# First Ride on the 2011 Roubaix SL3 Expert



## BluesDawg (Mar 1, 2005)

It was a perfect, cool day for a ride. The new bike is amazing! I rode 34 miles, grinning like a Cheshire cat the whole time. The Roubaix smooths the rough roads like nothing else I've ridden and it simply sails on smooth roads. It seems like magic that one bike can be so smooth and stiff at the same time. Not a hint of flex in the bottom bracket when standing on a climb. This could be the start of something big!  
I goofed up on the route and had to ride 1.5 miles on a dirt road where I had planned to only do about a third of a mile. The bike handled it fine, but it's not something I'll want to do much of on this bike.

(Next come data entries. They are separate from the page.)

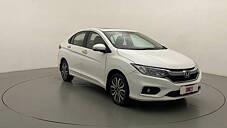 Used Honda City VX in Pune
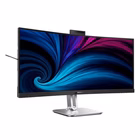 Immagine di 34 monitor va reg alt webcam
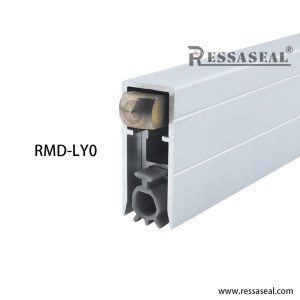 RESSA RMD-LY0 Mortised Automatic Door Sweep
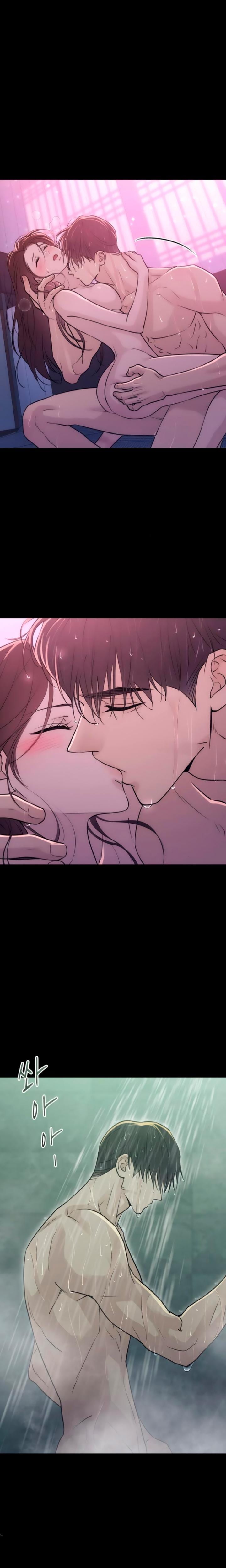 Bullshit Uncensored, chapter 14, page 23 of 26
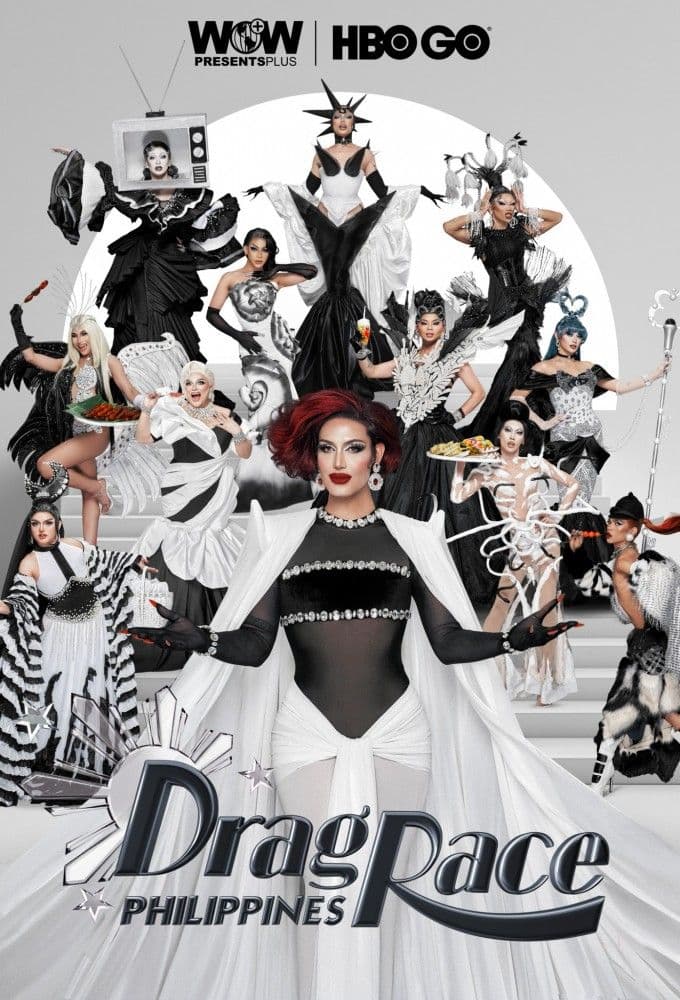 Drag Race Philippines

https://www.flickr.com/photos/bluesdawg/sets/72157625494793819/show/

101 by BluesDawg, on Flickr


----------



## RJP Diver (Jul 2, 2010)

Nice - ride it in good health!


----------



## PJ352 (Dec 5, 2007)

Congrats on the new bike..._ very _nice!! :thumbsup:

Sounds like the start of a_ long _relationship.


----------



## rbart4506 (Aug 4, 2004)

Nice...Had an 08 Expert, I know the feeling


----------



## xrayjay (Feb 21, 2010)

Nice bike. I love the black. I'm looking at the comp compact myself, but they only have my size in blue and white left.


----------